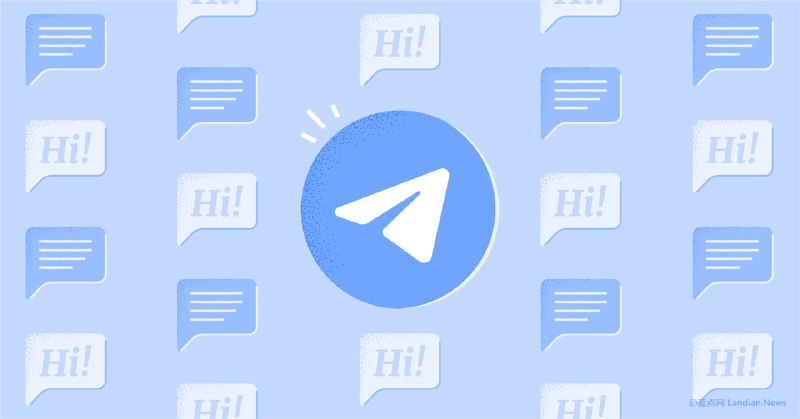 Telegram测试P2PL服务 利用用户手机向其他用户发送验证码 – 蓝点网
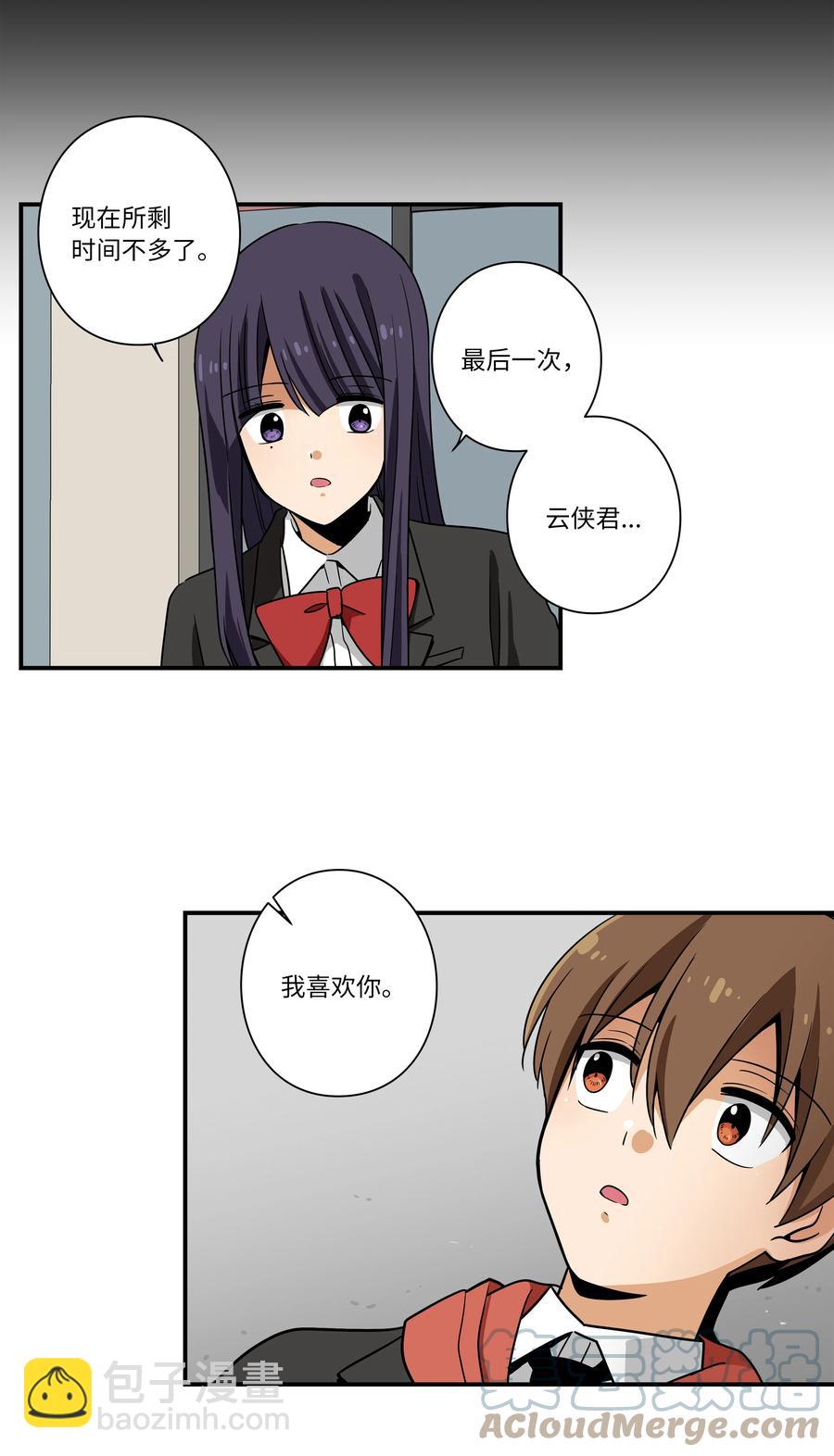 106 解除时间停止-第106话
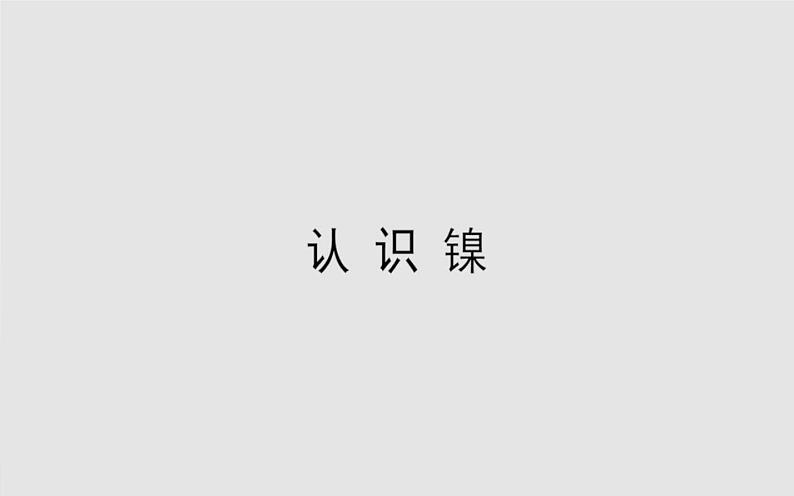 小学二年级下册科学课件-《4.磁铁的吸力》苏教版(13张)ppt课件05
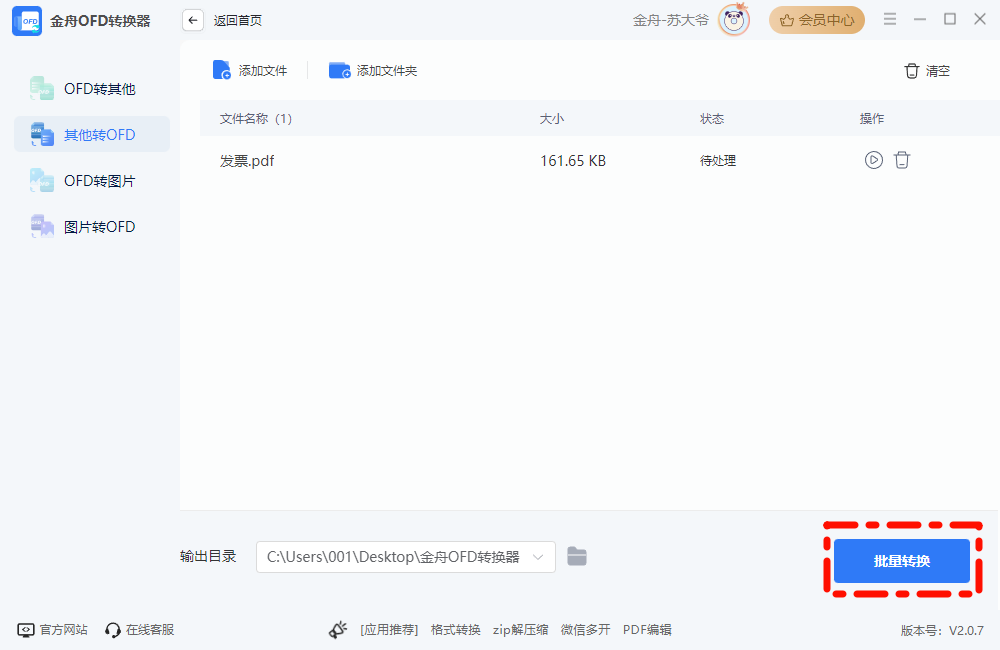 pdf转ofd4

★ ★ ★

Problem details: Leave out the pictures and return the listing exactly.

Answer space:
 Telegram测试P2PL服务 利用用户手机向其他用户发送验证码 – 蓝点网
 106 解除时间停止-第106话
 小学二年级下册科学课件-《4.磁铁的吸力》苏教版(13张)ppt课件05
 pdf转ofd4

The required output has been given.